## [YOUR TASK]
From the first line to the last, copy the data exactly and drop the pictures.

## [DATASET CONTENT]
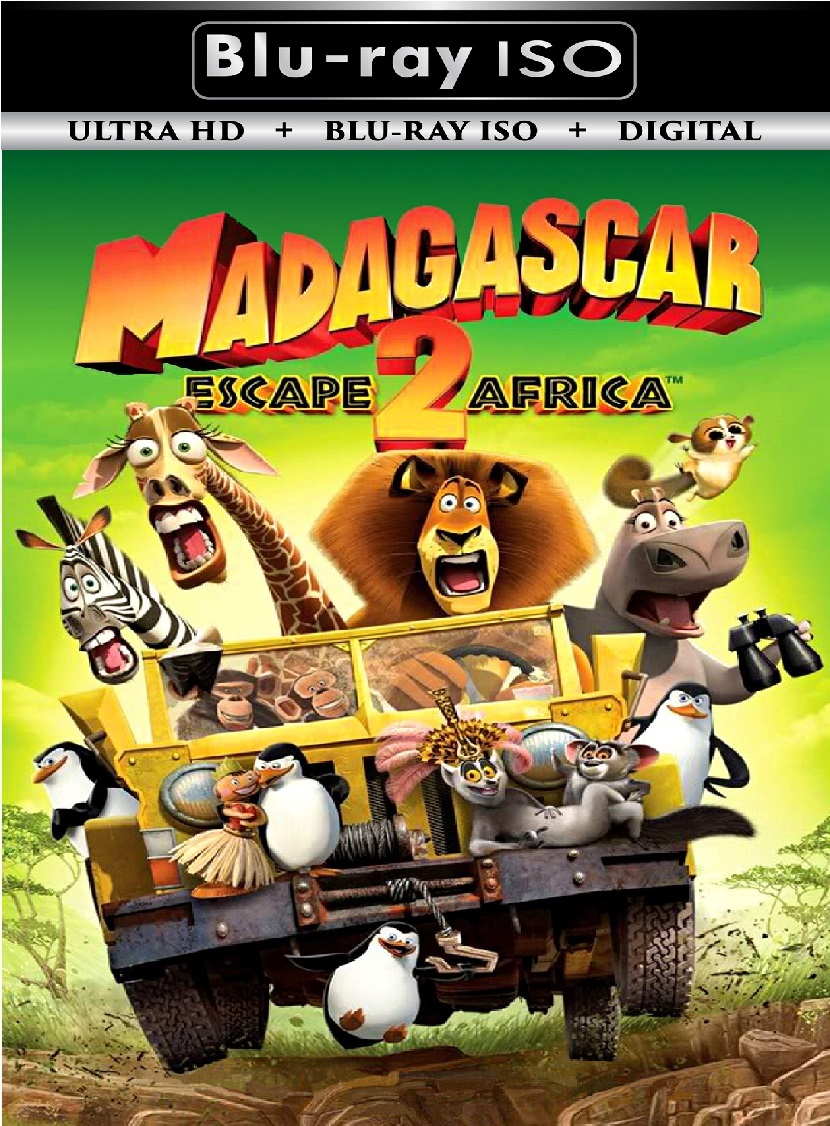 Madagascar 2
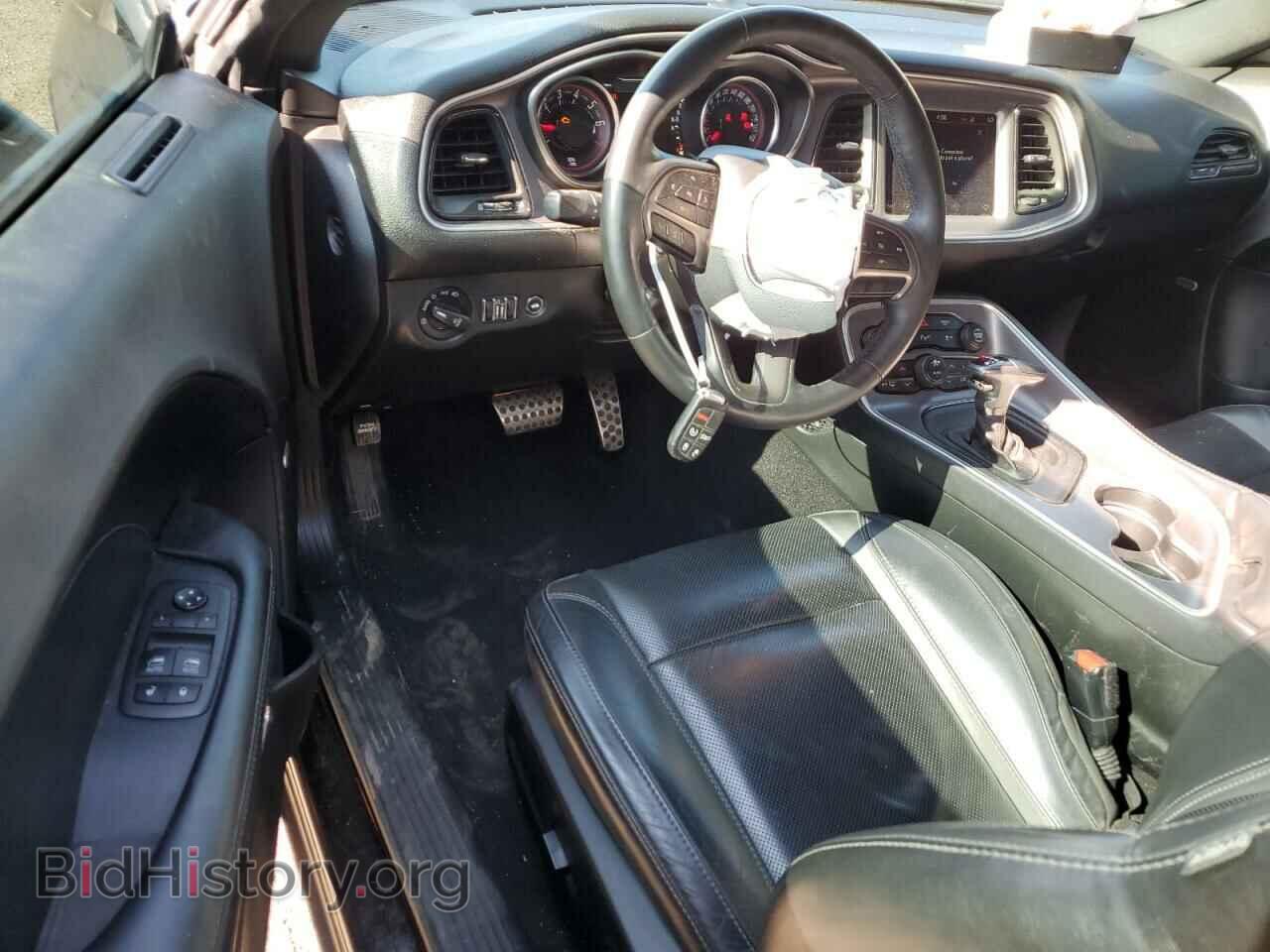 2019 DODGE CHALLENGER - VIN: 2C3CDZAG0KH627110 - Фото 8
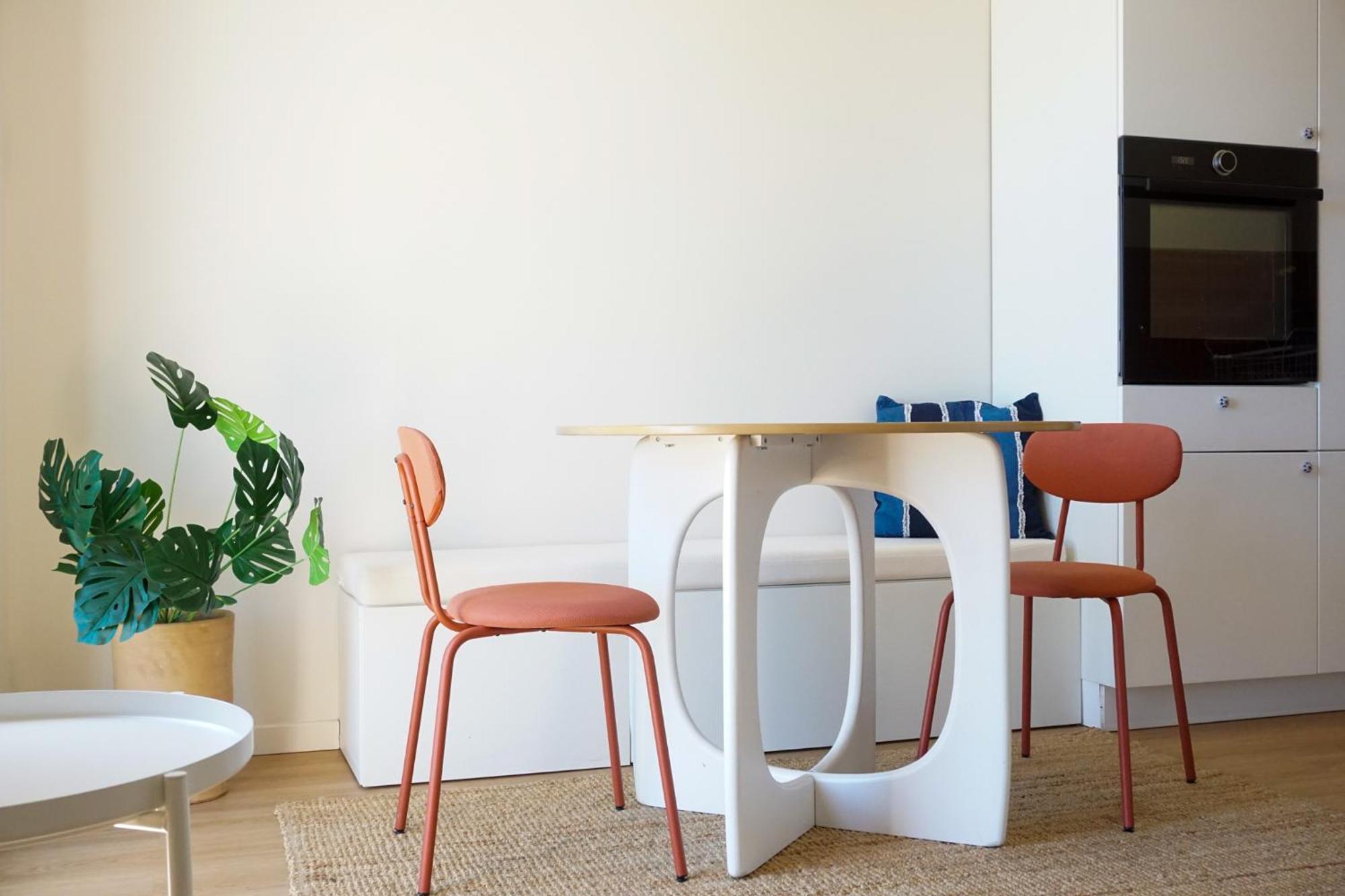 히에레 Le Soleil Bleu Hyerois 아파트 외부 사진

## [EXERCISE RESPONSE]
 Madagascar 2
 2019 DODGE CHALLENGER - VIN: 2C3CDZAG0KH627110 - Фото 8
 히에레 Le Soleil Bleu Hyerois 아파트 외부 사진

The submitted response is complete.